RE: Time-based archive subdivision

From: Tom von Alten <>
Date: Fri, 22 Oct 1999 09:11:59 -0600
Message-ID: <005101bf1c9f$c9b19720$>

Thanks to Peter, Paul and Kent for the reponses. (Hmm, do we have a new musical group there?)

Kent, you're exactly right that there are two issues here -- how to generated subdivided archives as we go, and my particular implementation issue of how to subdivide existing archives.

For the latter, it involves our local enhanced variant of v1.02 that has been handling attachments.

Regarding Peter's question, I think I can list several different issues, not all of which are addressed by simply paring down what's shown in "current" indexes.

  1. The size of the index page makes it slow to serve, transmit and view. (Recalling the slow performance of big tables that I've seen in some browsers reminds me that using a table-based layout may make this worse.)
  2. The time it takes hypermail to process a new article increases geometrically with the number of articles in the archive. This may not be an issue with v2, I don't know. (It may not even be *true* with v2, but it seems likely that it is.) All my really big archives are using our local v1+. I'll see if I can come up with a realistic way to "overpopulate" my test archive and see if v2 will care about this. If v2 is sufficiently fast and effective (or robust against intermittent overloading), then subdivided indexes will solve more of the overall concern.
  3. I need a reasonable method to let messages expire, or to delete (or "inactivate" -- I'd use the term "archive" if it weren't overloaded here) messages that are no longer of interest.
  4. In general, more recent information is of greater interest than "old" information; hierarchical indexing allows more useful organization based on how likely it is the information will be required.

Finally, Peter wrote:
> There are still some performance reasons to want to break up large
> directories, but I suspect it will be a while before anyone implements
> a clean way to do that.

Yeah, I'm not quite running into size-of-directory problems, per se. Any subdivision (or other management) approach that involves saving incoming messages intact increases the overall filesystem load, although presumably one can put the mboxes in separate directories if that's an issue.
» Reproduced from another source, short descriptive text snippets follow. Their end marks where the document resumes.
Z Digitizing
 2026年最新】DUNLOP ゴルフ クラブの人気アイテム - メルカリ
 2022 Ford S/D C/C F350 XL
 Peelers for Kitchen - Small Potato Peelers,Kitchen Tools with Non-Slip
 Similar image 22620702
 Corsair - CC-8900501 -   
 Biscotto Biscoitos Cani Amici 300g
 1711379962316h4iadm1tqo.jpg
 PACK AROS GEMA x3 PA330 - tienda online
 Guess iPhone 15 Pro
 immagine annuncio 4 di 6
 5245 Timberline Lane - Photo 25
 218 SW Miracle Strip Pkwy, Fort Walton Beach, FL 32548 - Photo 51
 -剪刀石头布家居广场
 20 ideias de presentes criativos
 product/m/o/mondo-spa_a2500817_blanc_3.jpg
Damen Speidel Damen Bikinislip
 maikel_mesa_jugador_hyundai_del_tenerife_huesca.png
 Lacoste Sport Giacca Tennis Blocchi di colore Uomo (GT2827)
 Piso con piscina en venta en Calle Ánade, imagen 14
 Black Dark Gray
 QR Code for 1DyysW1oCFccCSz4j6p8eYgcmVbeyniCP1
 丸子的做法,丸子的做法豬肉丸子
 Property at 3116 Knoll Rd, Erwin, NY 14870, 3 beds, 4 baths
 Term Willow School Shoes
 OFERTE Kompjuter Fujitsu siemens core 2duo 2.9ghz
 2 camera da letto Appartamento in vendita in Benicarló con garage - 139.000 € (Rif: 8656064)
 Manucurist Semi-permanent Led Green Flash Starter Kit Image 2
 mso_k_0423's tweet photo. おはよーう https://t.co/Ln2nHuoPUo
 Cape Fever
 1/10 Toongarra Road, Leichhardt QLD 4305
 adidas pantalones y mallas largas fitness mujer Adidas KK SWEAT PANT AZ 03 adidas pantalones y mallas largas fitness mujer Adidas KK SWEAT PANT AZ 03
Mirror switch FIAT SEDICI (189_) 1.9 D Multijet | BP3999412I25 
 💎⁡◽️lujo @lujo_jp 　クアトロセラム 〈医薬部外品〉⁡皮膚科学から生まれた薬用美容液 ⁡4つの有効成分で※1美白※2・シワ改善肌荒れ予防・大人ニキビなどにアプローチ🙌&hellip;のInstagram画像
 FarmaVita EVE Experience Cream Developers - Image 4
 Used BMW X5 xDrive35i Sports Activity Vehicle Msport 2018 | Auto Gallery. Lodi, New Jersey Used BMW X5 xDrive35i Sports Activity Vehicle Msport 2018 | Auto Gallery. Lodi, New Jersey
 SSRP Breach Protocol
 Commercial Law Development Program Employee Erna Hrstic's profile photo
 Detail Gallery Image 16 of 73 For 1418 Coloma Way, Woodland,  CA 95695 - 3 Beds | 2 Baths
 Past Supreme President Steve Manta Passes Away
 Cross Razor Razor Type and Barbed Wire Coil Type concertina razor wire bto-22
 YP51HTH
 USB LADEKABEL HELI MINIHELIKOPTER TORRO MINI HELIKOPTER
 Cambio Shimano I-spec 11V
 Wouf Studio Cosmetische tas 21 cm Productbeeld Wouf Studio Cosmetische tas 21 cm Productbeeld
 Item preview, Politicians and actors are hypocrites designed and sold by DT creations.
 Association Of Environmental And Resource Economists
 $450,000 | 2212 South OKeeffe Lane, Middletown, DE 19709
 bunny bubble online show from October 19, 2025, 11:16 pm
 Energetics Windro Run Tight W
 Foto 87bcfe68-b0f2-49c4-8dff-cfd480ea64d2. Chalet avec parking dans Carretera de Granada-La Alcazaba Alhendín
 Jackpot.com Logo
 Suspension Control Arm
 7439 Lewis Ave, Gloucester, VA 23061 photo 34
There is one other problem that no one's raised - the "m10k" problem inherent in the NNNN.html filenaming scheme. My guess is all the other reasons to subdivide will come into play before our installation runs into that one, but ymmv.

I do see that a lot of archive management issues are simplified by saving all the incoming messages intact. I wish we'd taken that approach three years ago. :-/ Maybe we'll start better late than never.

_____________ Hewlett-Packard Computer Peripherals Bristol Tom von Alten

          This posting is for informational purposes only.
          It is not a statement of the Hewlett-Packard Co.